**YOUR ASSIGNMENT**
Taking the line with "People silhouettes holding" as the first and the line with "Blue & White Toile Print Peasant Blouse" as the last, set down the lines below exactly, pictures excluded.

■ ■ ■ ■

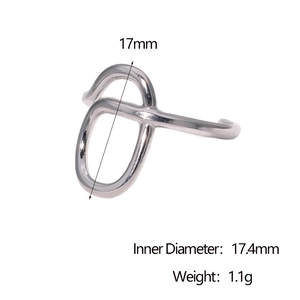 Detail showing 17.4mm inner diameter and 1.1g weight of silver steel wrap ring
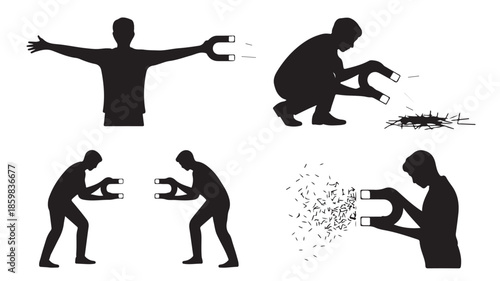 People silhouettes holding magnets in various poses in abstract conceptual black and white vector illustration for business and science concepts.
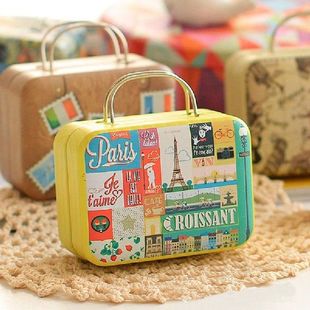 10pcs/lot Europe Style Vintage Suitcase Shape Candy Storage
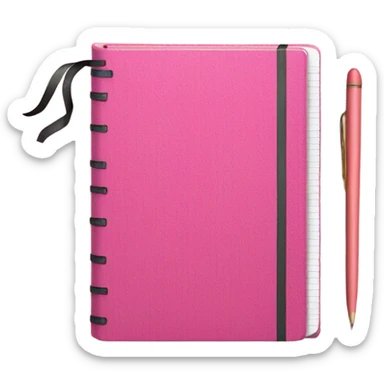 pink notebook sticker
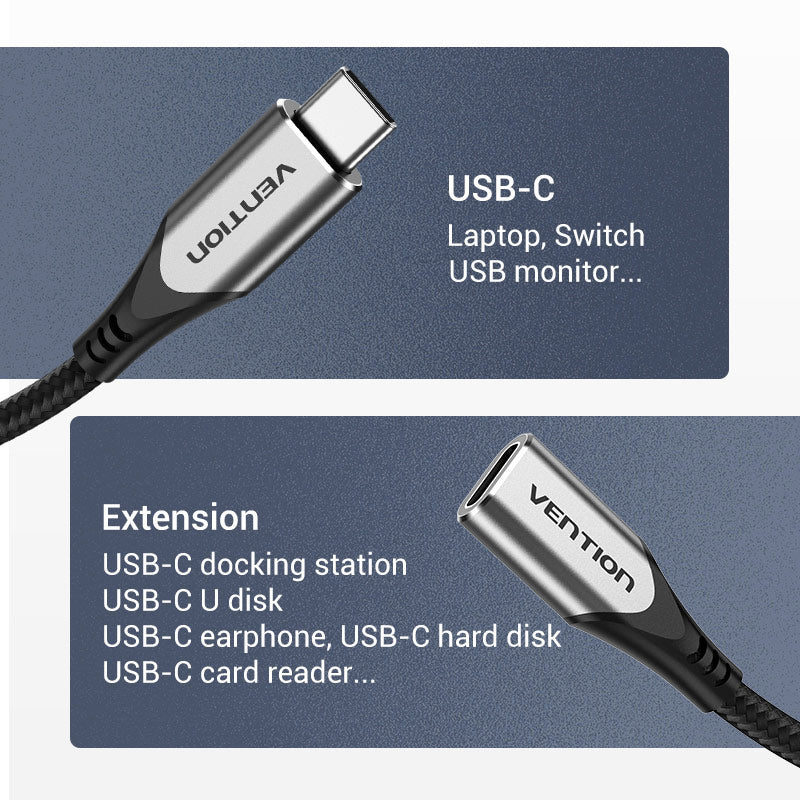 Vention Cotton Braided USB-C 3.1 Extension Cable、mySite、fannypackpong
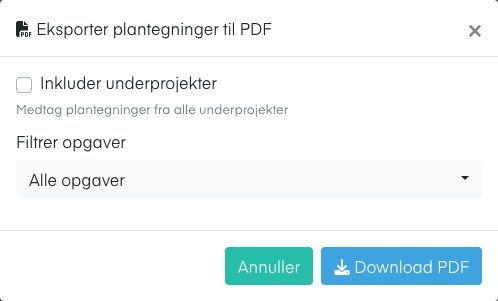 Eksportér plantegninger til PDF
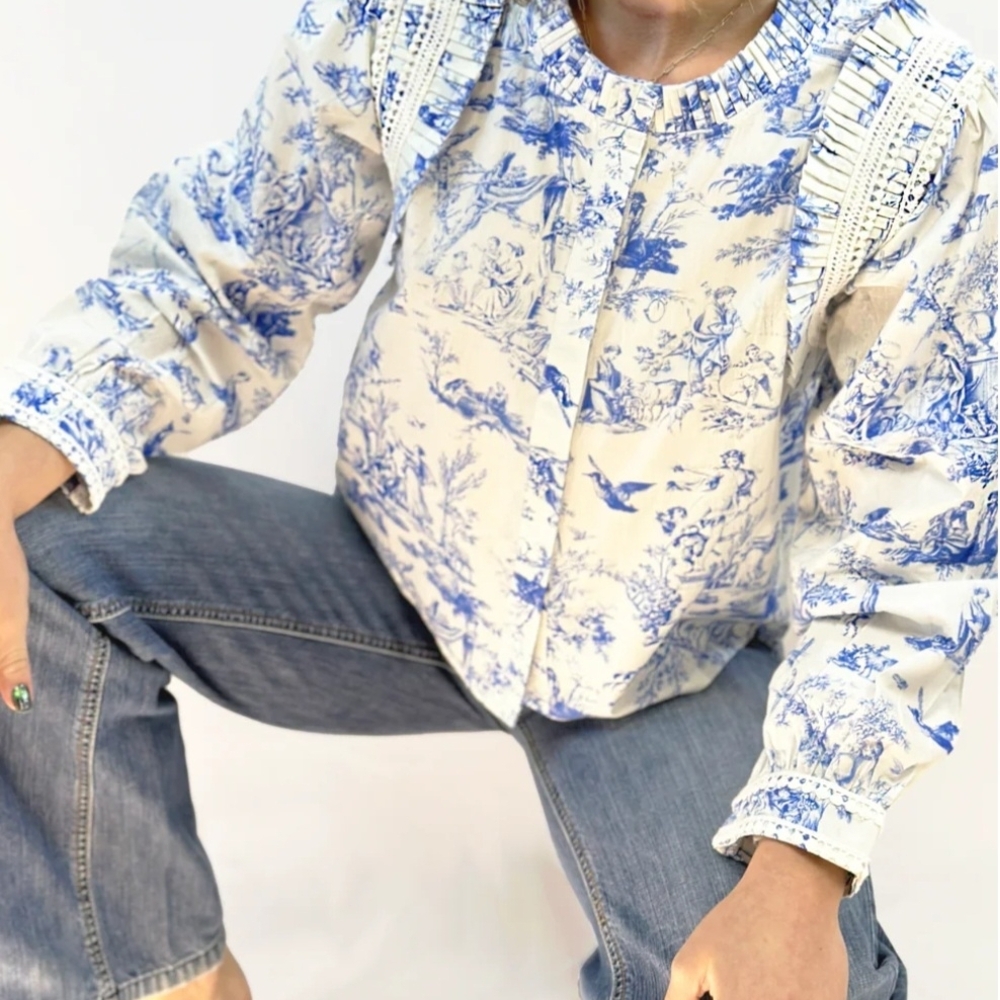 Blue & White Toile Print Peasant Blouse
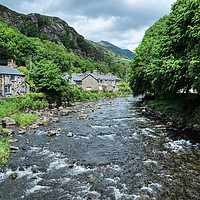 Buy canvas prints of The river at Beddgelert   by Diana Mower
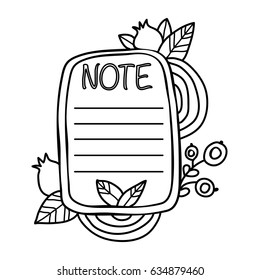 Printable Notes page. Fun summer doodle frame. Floral decoration. Print out and color it yourself. Coloring page.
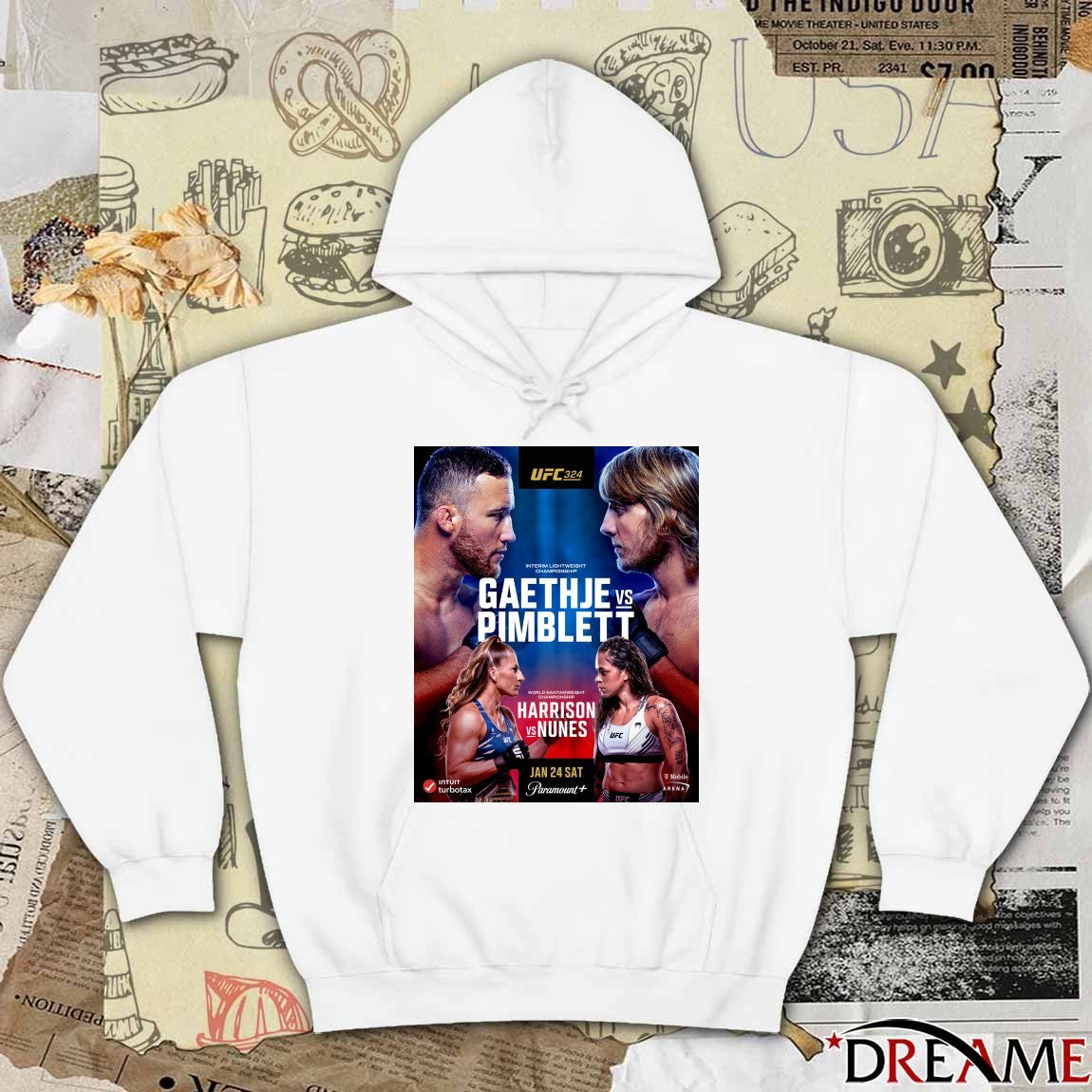 Poster UFC 324 Justin Gaethje Vs Paddy Pimblett, Kayla Harrison Vs Amanda Nunes January 24, 2026 t-shirt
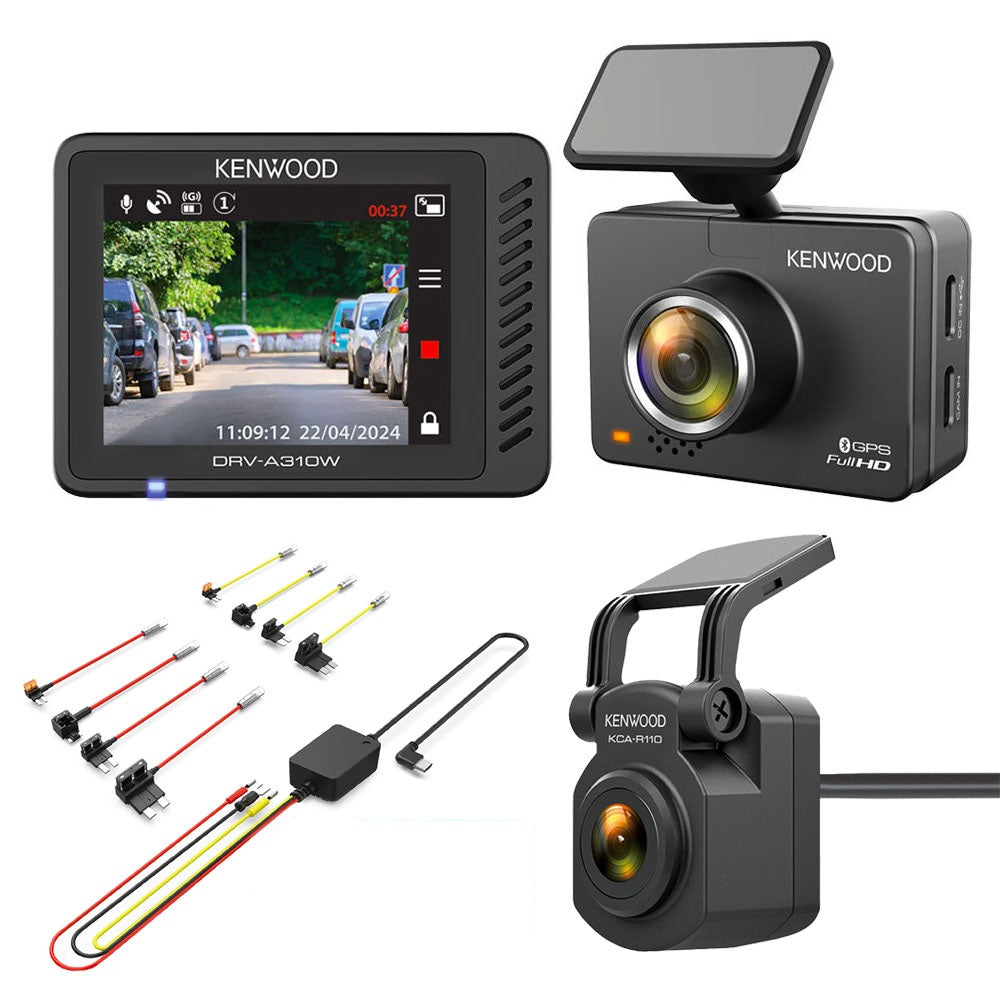 Kenwood DRV-A510W 2" LCD Display Dashcam GPS, Wifi 2K HD Recording with Rear Camera and Hard Wired Kit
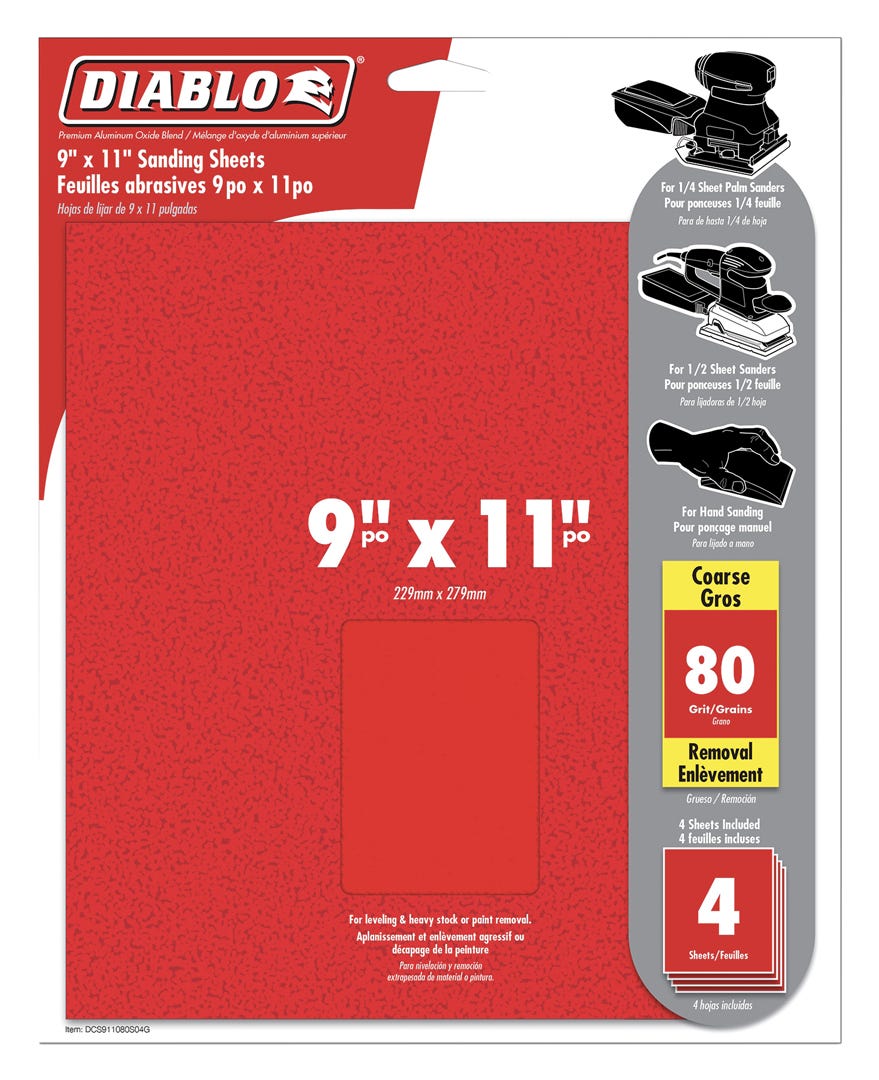 Sanding Sheet, 9 in. X 11 in., grit 80, 4/Pack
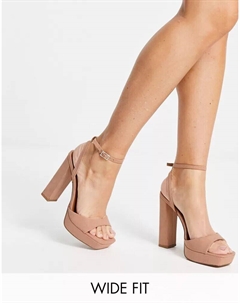 Бежевые минималистичные босоножки на платформе с ремешками и блочным каблуком Wide Fit Noun Asos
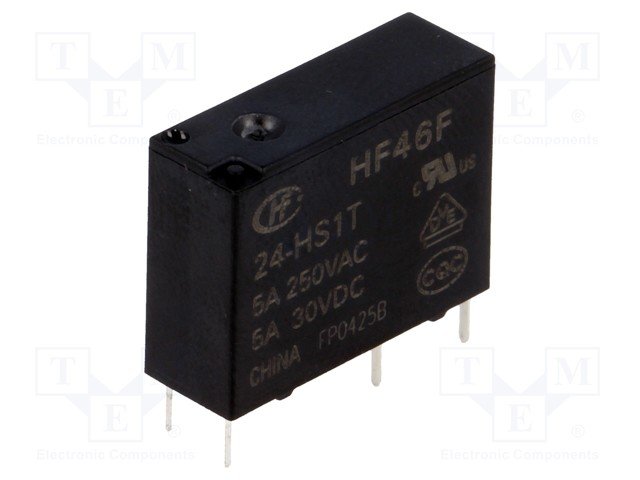 Relejs DC24V, SPST-NO, 5A/250VAC, 5A/30VDC, 2.88kΩ(8.3mA), viens kontakts uz saslēgšanu, 20.5x7x15.3mm, HONGFA RELAY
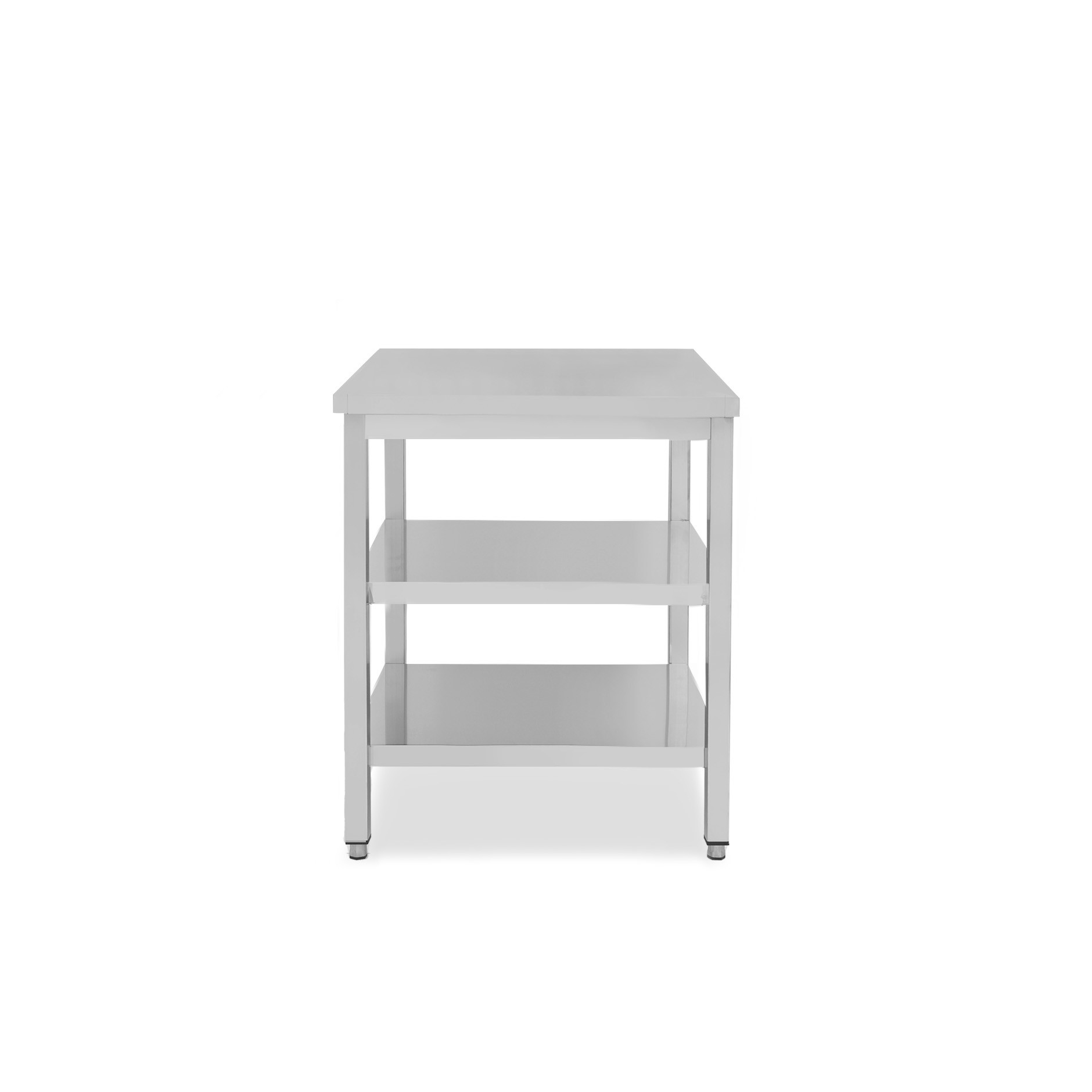 Mesa de trabajo de acero inoxidable con 2 estantes, L 400 mm x P 800 mm x A 865 mm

■ ■ ■ ■

**WRITTEN ANSWER**
 People silhouettes holding magnets in various poses in abstract conceptual black and white vector illustration for business and science concepts.
 10pcs/lot Europe Style Vintage Suitcase Shape Candy Storage
 pink notebook sticker
 Vention Cotton Braided USB-C 3.1 Extension Cable、mySite、fannypackpong
 Eksportér plantegninger til PDF
 Blue & White Toile Print Peasant Blouse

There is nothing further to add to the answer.